Lydia DePillis, who often writes on bicycling matters for the Washington Post, had a column on Friday (yes, April Fool's Day) as part of the Post's "Five Myths..." series. It was more good than bad, but some of the bad is glaring.
First of all, the myths themselves were a little weak. No one really says that bike share will make roads less safe, for example, at least not anymore. It would have been nice if she had found actual claims from recent, main stream publications (I'm sure the Post has some thanks to Courtland Milloy) and then shot those down.
1. Mandating helmet use is the best way to keep riders safe. - People do advocate for this at times, but I feel like it's more or a larger myth which is that "the most important thing a cyclist can do for safety is wear a helmet." I think helmets, on average, probably improve survivability of crashes and mitigate certain types of head injuries, but I'd say it's less important than a bike in good working order, a sober and confident cyclist and a good pair of bike lights (if riding when those are needed). Still, this myth is in the same vein. And she largely makes the same point, that there are better ways and that helmet laws are likely counter-productive.
Unfortunately, she kicks it often with the since publication withdrawn claim that "Studies show [that helmets] reduce the risk of cyclist head injury by 85 percent" which I found surprising, but it is a widely repeated claim so I'll let it slide (though she should correct this).
3. If more people rode bikes, there’d be noticeably less traffic and pollution. I guess she's trying to be balanced here by knocking down a myth of cycling evangelists, but it's not a myth. If more people rode bikes there would be less traffic and pollution - in proper relation to the number "more" we get. No one says that doubling bicyclists will end congestion and pollution, they say that to the extent that you transition rides from cars (and to a lesser extent transit in some case) you see a reduction in congestion and pollution.
Sure, if everyone gave up their cars tomorrow, the health of our cities and our climate would improve. But this is wishful thinking. Just 1 percent of Americans regularly commute by bicycle. Even if that number doubled, cycling wouldn’t significantly cut smog and congestion.
Actually, it probably would. Both congestion and smog are concentrated in the same areas - cities. Exactly the places where cycling is most prevalent. If bike commuting doubled, DC would go from 3.9% to 7.8%. I'm certain an overnight change like that would be noticeable. A place like Berkeley would get to nearly 20% and San Francisco (#7 in air quality) to 8.8%. I think that would result in a measurable reduction in air pollution.
Even the posts she linked to make this point. The Streetsblog post is about an actual study.
In a scenario where 14 percent of travel in the world’s cities is by bike or e-bike in 2050, carbon emissions from urban transportation would be 11 percent lower than a scenario where efforts to promote sustainable transportation sidestep bicycling.

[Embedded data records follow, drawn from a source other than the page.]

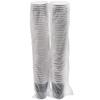 Sunnap AC4050TEC Paper Cups, Large Size, 13.5 fl oz (400 ml), 100 Pieces (2 Sets of 50), Disposable Cups, Assorted Patterns view 1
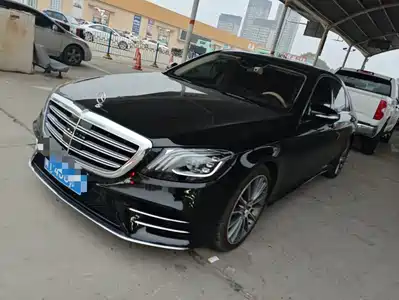 Mercedes-Benz S-Class 2019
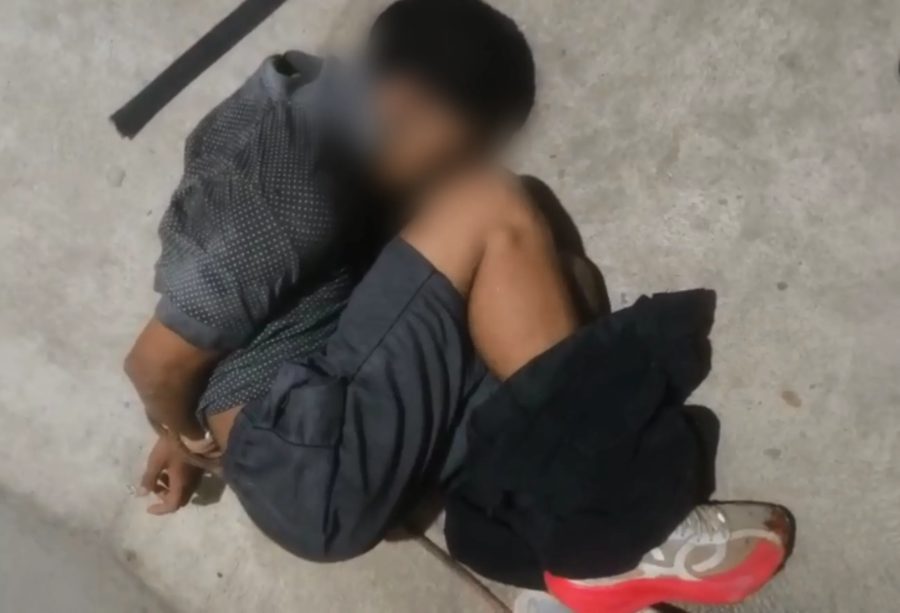 Homem é detido por moradores após tentativa de furto em Boa Vista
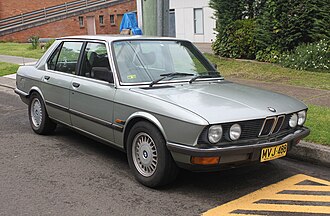 BMW E28: Huyền Thoại Sedan Hạng Sang Định Nghĩa Kỷ Nguyên 1980 5 bmw e28 - Hình 1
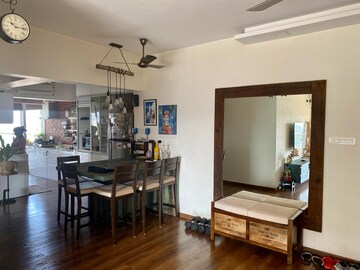 Living Room in 2 BHK Apartment at Rustomjee OZone, Goregaon West – for Sale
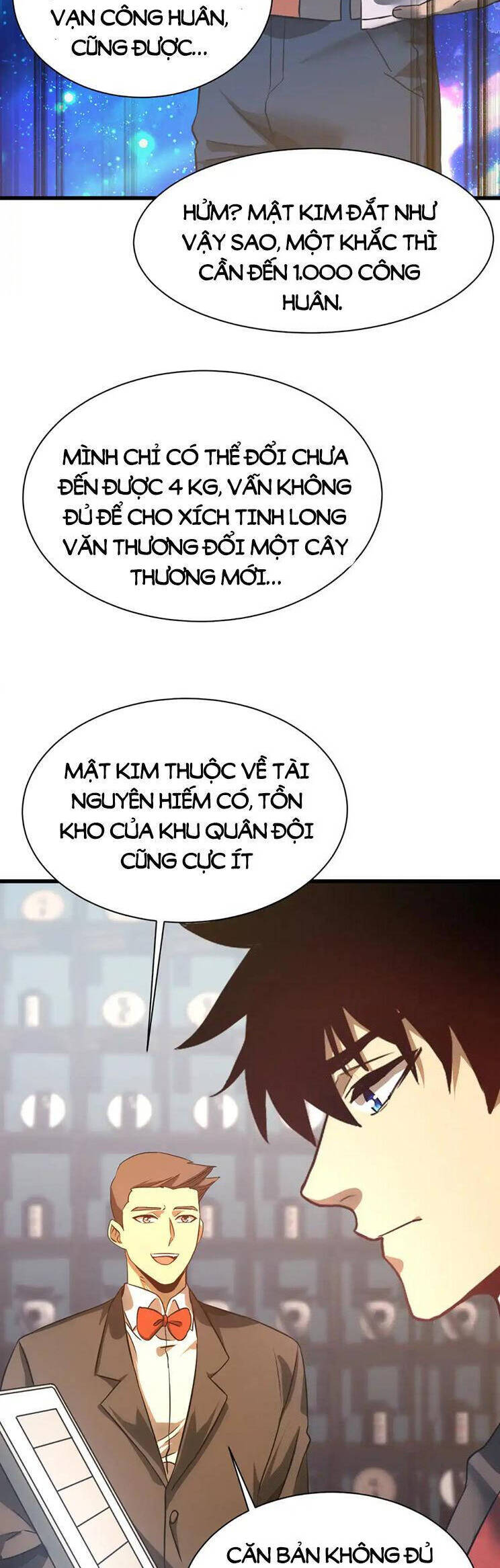 Cao Võ: Hạ Cánh Đến Một Vạn Năm Sau Chap 133 - Next Chap 134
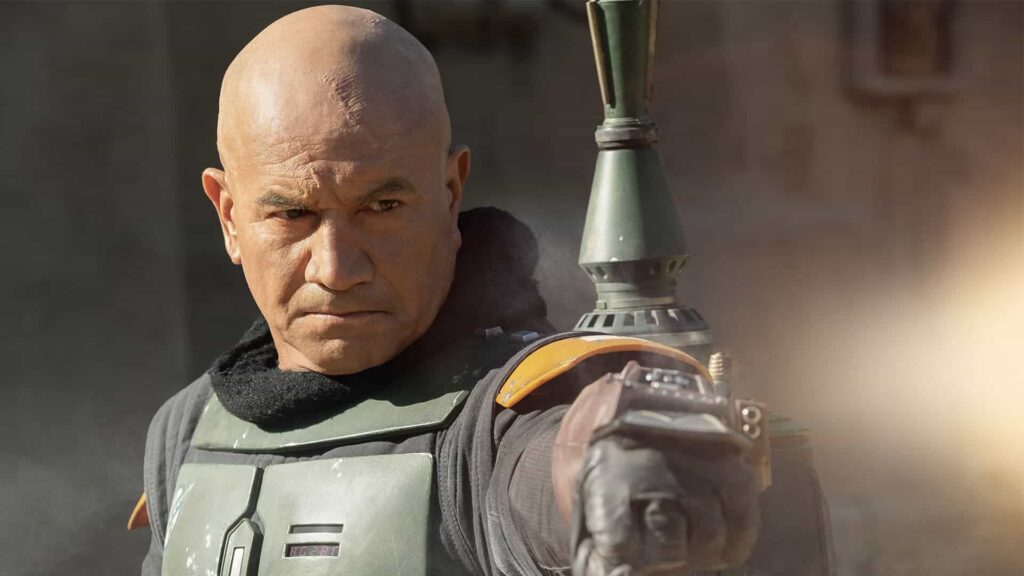 Temuera Morrison as Boba Fett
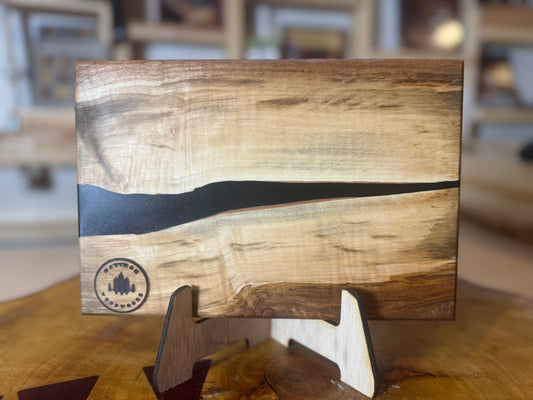 Small Cherry cutting board 7"x10"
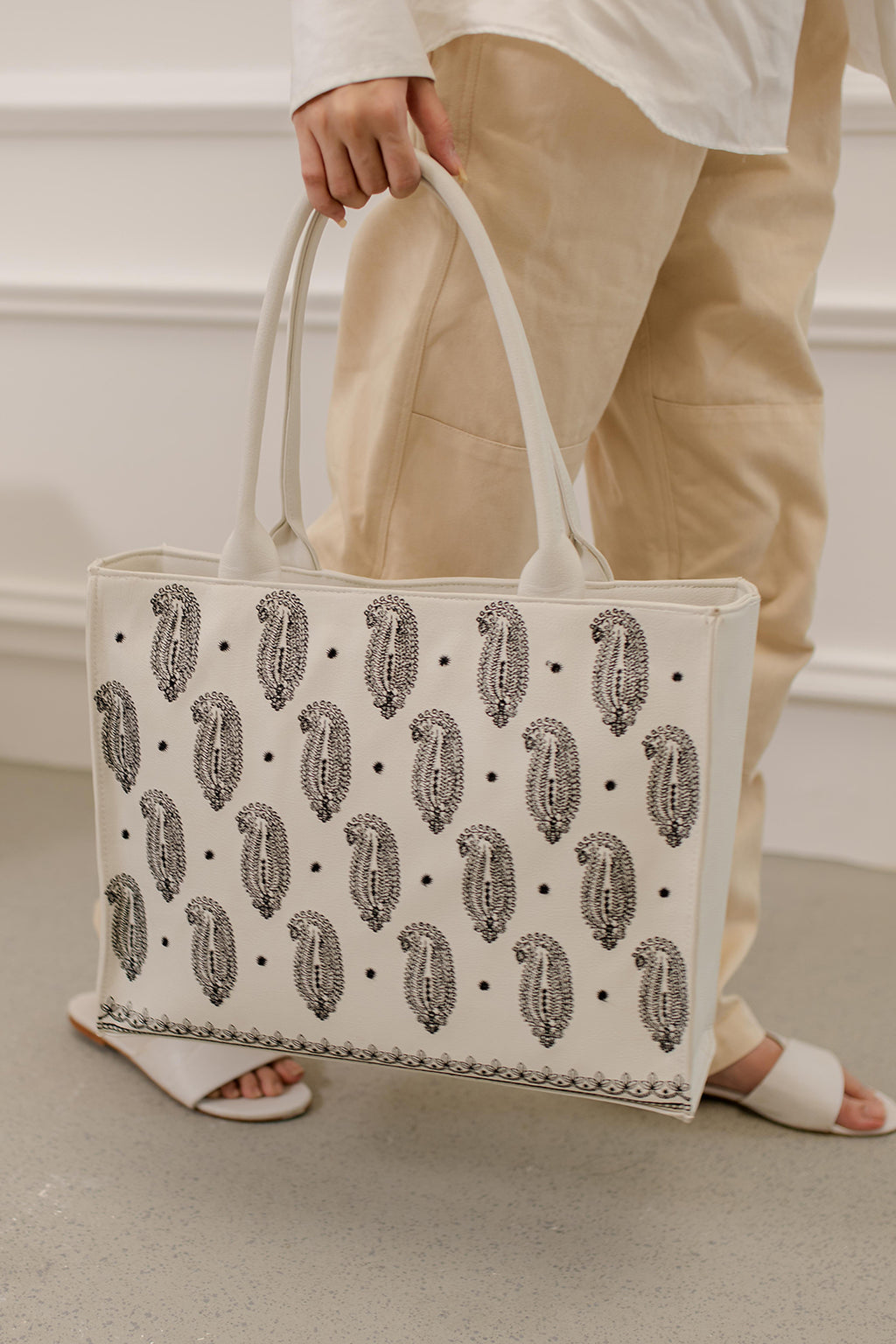 Tote Bag - E402|Black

That's doable. That's noticeable.
On congestion, she misreads the research. She writes that
Studies have shown that congestion increases in cities where there are more bike riders but no new bike lanes.
But that isn't what the study shows. It shows that on some roads, if bicycle use goes up, travel times goes up too. Mostly those are the uphill segments of narrow roads where drivers can't pass cyclists - and it's worse if there are buses too. It does not translate citywide and they don't even study what happens to the whole city. Other studies meanwhile, show that - on average - a bicycle causes about 28% as much congestion as a car, and that goes down as there are more bike facilities added. But 28% is the maximum.
This was by far the worst myth on the list. It was a complete strawman, and not even supported by her own facts.
Anyway, those are my thoughts.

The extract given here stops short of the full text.